Extracted information: Begin

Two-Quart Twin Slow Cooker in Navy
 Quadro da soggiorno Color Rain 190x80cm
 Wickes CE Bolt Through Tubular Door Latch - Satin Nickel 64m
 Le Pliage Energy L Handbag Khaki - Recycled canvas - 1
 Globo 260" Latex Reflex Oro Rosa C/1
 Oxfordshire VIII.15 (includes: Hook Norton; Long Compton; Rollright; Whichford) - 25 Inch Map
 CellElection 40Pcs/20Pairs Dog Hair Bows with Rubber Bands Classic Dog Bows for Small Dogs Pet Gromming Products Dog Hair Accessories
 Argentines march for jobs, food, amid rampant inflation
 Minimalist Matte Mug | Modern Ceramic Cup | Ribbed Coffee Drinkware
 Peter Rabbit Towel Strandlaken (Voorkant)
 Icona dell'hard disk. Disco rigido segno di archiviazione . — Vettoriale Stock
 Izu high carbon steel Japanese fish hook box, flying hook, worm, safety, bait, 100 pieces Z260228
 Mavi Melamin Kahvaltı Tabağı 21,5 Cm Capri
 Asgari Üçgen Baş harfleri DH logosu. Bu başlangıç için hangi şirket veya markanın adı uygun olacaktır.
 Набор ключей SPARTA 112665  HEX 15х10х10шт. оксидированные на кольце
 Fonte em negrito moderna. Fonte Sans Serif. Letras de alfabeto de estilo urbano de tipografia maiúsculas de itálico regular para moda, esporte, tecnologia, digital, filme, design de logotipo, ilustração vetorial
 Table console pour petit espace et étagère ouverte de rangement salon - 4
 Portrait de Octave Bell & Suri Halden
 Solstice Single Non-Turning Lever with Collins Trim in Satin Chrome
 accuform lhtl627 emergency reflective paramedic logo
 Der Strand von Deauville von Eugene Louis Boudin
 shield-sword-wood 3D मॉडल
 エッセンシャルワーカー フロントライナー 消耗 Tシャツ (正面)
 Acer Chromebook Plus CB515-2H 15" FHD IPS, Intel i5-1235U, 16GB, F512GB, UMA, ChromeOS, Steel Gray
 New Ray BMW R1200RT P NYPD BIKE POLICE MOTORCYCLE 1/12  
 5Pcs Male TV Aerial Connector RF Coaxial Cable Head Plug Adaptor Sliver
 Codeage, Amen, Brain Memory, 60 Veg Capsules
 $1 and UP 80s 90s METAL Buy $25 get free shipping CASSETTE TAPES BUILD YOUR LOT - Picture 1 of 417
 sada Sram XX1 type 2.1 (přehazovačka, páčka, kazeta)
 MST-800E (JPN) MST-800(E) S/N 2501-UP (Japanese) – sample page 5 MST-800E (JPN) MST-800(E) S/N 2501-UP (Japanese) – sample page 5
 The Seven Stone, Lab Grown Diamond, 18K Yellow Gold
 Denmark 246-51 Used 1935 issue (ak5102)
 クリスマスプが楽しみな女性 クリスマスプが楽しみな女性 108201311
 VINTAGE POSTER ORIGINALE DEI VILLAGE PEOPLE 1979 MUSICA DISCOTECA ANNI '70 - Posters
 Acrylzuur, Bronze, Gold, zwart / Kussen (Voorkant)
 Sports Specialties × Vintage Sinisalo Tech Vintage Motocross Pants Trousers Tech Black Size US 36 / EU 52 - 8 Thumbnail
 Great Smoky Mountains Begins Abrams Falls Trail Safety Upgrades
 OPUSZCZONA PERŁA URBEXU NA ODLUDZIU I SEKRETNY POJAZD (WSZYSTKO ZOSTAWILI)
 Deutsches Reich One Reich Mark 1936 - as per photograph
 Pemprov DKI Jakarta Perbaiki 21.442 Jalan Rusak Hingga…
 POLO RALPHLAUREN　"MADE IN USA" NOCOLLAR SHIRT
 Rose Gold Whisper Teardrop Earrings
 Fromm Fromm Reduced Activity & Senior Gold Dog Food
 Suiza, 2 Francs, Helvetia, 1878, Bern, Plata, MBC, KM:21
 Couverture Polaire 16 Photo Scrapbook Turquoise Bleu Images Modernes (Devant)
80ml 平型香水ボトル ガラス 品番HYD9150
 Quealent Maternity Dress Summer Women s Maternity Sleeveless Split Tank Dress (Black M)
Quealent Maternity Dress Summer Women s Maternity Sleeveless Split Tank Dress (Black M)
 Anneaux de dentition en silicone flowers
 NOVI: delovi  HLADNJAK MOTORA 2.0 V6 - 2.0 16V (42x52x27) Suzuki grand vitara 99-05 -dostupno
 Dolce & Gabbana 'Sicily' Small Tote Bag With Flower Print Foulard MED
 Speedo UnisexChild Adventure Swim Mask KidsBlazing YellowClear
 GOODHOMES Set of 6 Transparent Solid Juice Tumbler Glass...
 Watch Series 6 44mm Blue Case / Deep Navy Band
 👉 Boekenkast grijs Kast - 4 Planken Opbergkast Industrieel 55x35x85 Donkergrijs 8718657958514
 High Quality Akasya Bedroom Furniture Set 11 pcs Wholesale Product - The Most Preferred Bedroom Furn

Extracted information: End

_Work instructions_.
Determine which lines above include the word "Split", and report those lines in full.

_Output of the task_.
 Quealent Maternity Dress Summer Women s Maternity Sleeveless Split Tank Dress (Black M)
Quealent Maternity Dress Summer Women s Maternity Sleeveless Split Tank Dress (Black M)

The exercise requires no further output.